Directions for this task:
Could you give the data that follows again exactly, without its pictures?

Recorded data:

□ □ □

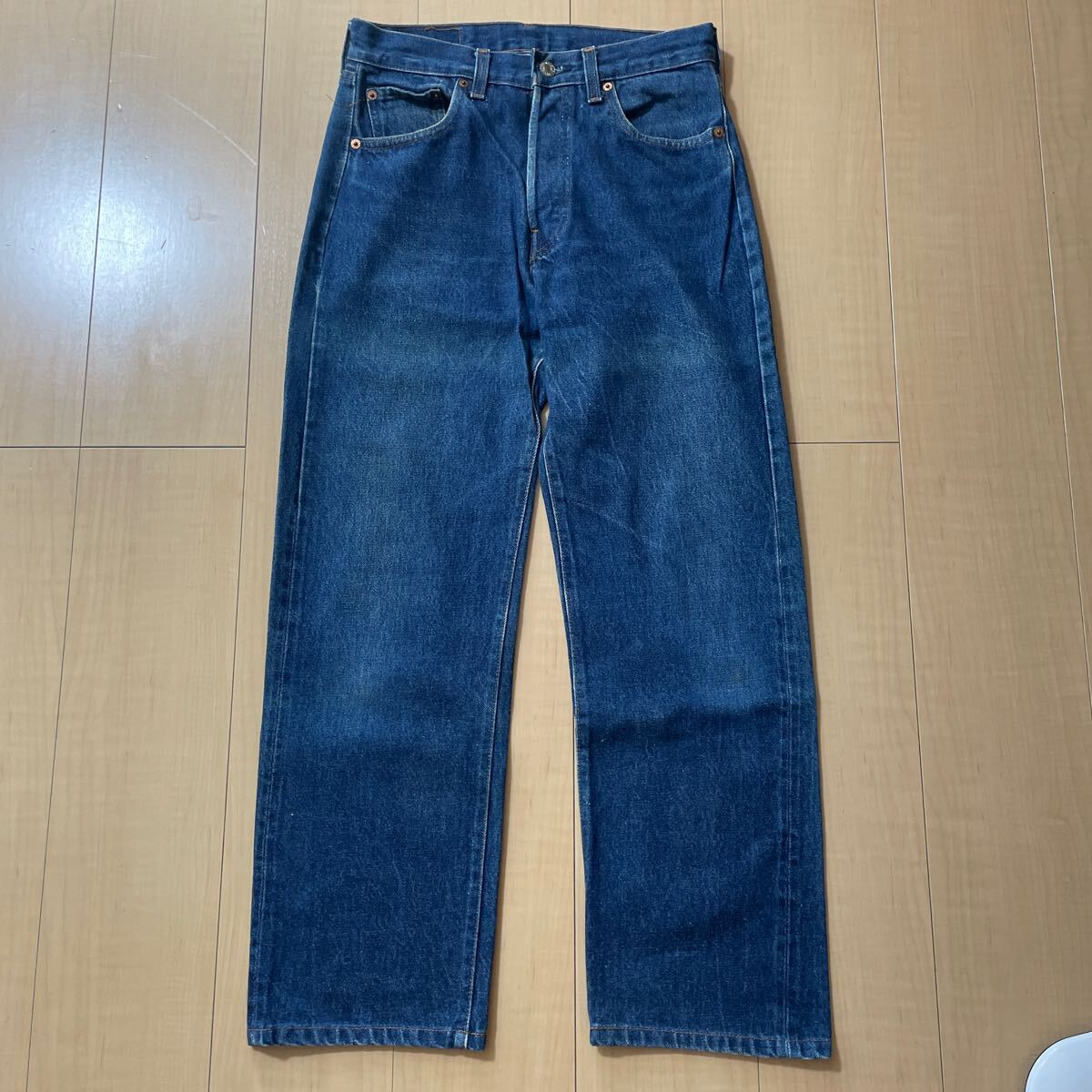 80s バレンシア工場 Levi's リーバイス 501 ボタン裏555 80s バレンシア工場 Levi's リーバイス 501 ボタン裏555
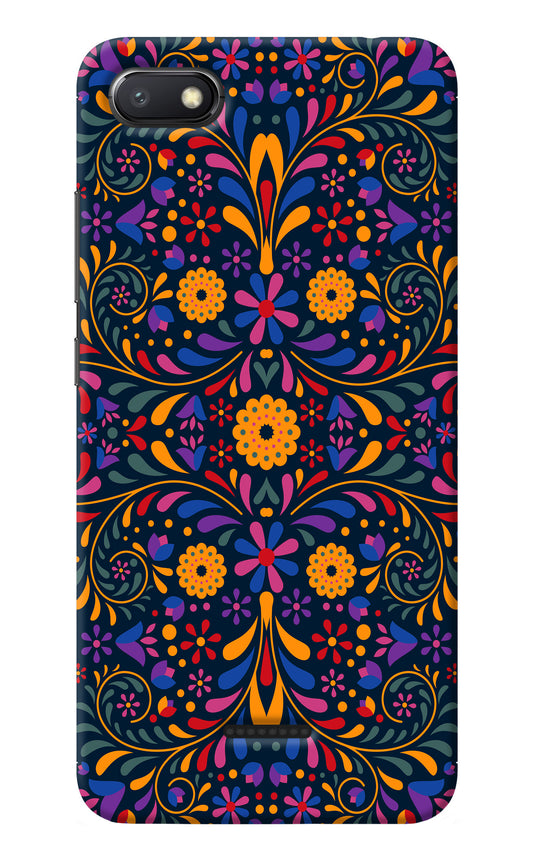 Mexican Art Redmi 6A Back Cover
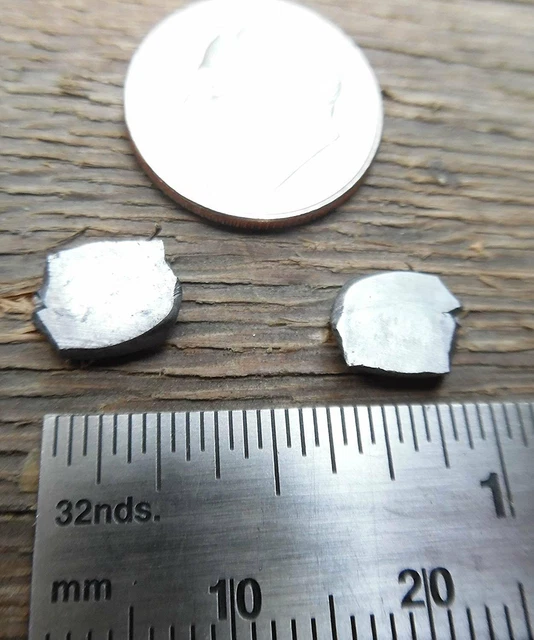 2" Antique Style-Clinch Nails - Authentic Siding/Door Nails 3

□ □ □

Written reply:
 80s バレンシア工場 Levi's リーバイス 501 ボタン裏555 80s バレンシア工場 Levi's リーバイス 501 ボタン裏555
 Mexican Art Redmi 6A Back Cover
 2" Antique Style-Clinch Nails - Authentic Siding/Door Nails 3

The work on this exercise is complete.